Re: NFSv4.2 READ_PLUS support?

From: Cedric Blancher <cedric.blancher_at_gmail.com>
Date: Fri, 22 Aug 2025 14:16:45 UTC
On Fri, 22 Aug 2025 at 15:59, Konstantin Belousov <kostikbel@gmail.com> wrote:
>
> On Fri, Aug 22, 2025 at 06:41:23AM -0700, Rick Macklem wrote:
> > On Fri, Aug 22, 2025 at 6:31 AM Cedric Blancher
> > <cedric.blancher@gmail.com> wrote:
> > >
> > > Good afternoon!
> > >
> > > Is it planned to support NFSv4.2 READ_PLUS, to optimise reading of sparse files?
> > Not at this time.
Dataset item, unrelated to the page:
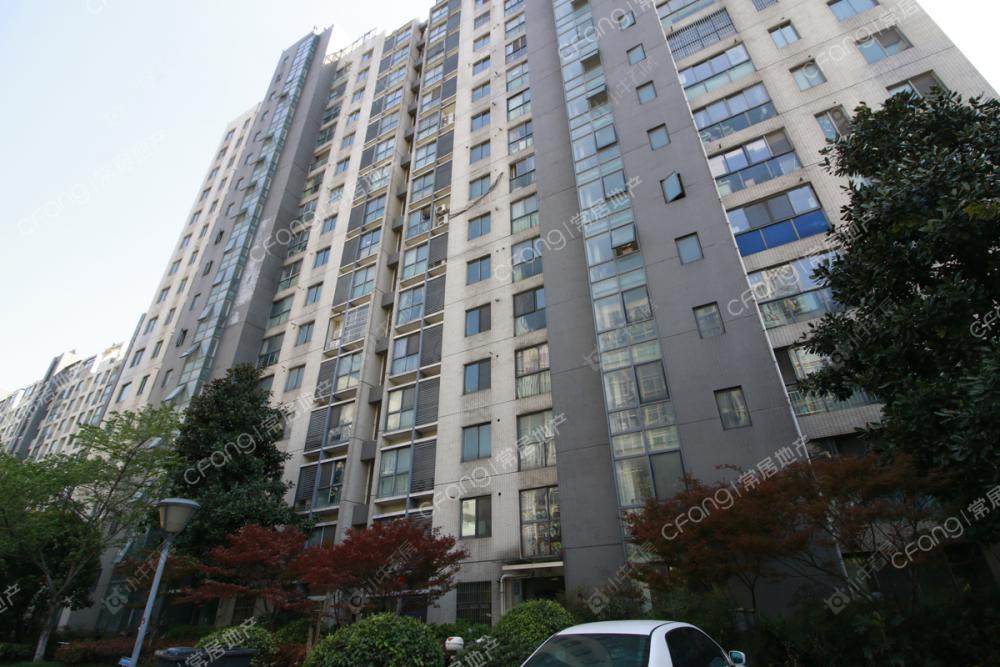 常州金都名苑小区_金都名苑小区实景图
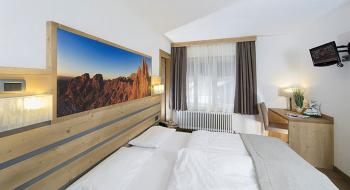 Hotel Albergo Aida 3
There is no VOP_READPLUS() vnode operation defined
> > at this time.
> > Without this, the NFS server must either...
> > - Read all the data and then "parse out" the blobs of zeros.
> > or
> > - Use SEEK_DATA/SEEK_HOLE. This sounds reasonable, but it currently needs
> >   to be done with the vnode unlocked and dropping/re-acquiring the vnode lock
> >   during a Read operation makes things awkward.
> >   (The unlocked requirement is really just for other things that are done via
> >     VOP_IOCTL().)
> >
> > Bottom line, I've missed the FreeBSD-15 deadline for adding any new
> > VOP_xxx() calls and this needs one. (Either a VOP_SEEK() that can do
> > SEEK_DATA/SEEK_HOLE with the vnode locked or preferably a
> > VOP_READPLUS(), which can acquire data+holes in whatever is the
> > most efficient way the underlying fs can do it.)
> >
> > So, maybe for FreeBSD-16, but not yet, rick
>
> We certainly can add a new VOP to stable, this should not be a problem.
> First, we have spare VOPs in the vop vtable.
> Second, we do not guarantee KBI stability for VFS.  We try to provide it,
> but not too hard.  If there are benefits like that, KBI can be broken: we
> did it many times already.

That might be cool, especially if this could be exposed as
(experimental) userland API for databases

The hard part is that READ_PLUS returns an union of { record_type, {
data_pos,data_size,data_bytes }, { hole_pos,hole_size} }, which can
technically have a maximum amount of array entries of
(read_request_size/$MIN_HOLE)+1, where $MIN_HOLE is the minimum size
of a sparse file hole.
record_type could be either DATA or HOLE, but inthe future could hold
more types (like application specific data, NFSv4.2 RFC READ_PLUS
debates that)

So two APIs are needed:
int getreadplusmaxarray(int fd, int flags); /* flags just for future
extensions */
int readplus(int fd, void *buf, size_t nbytes, union *readplusbuffers,
size_t num_readplusbuffers, size_t *read_num_readplusbuffers, int
flags);

fd is the fd
buf is the memory used to store data
nbytes is the size of the memory for buf
readplusbuffers is an array of unions { {
data_pos,data_size,data_bytes }, { hole_pos,hole_size} }
num_readplusbuffers is the maximum element numbers in readplusbuffers
read_num_readplusbuffers is the number of elements filled in
flags is for extensions

OT: /bin/getconf MIN_HOLE $PATH does not work. Works on Solaris,Illumos,

Ced
-- 
Cedric Blancher <cedric.blancher@gmail.com>
[https://plus.google.com/u/0/+CedricBlancher/]
Institute Pasteur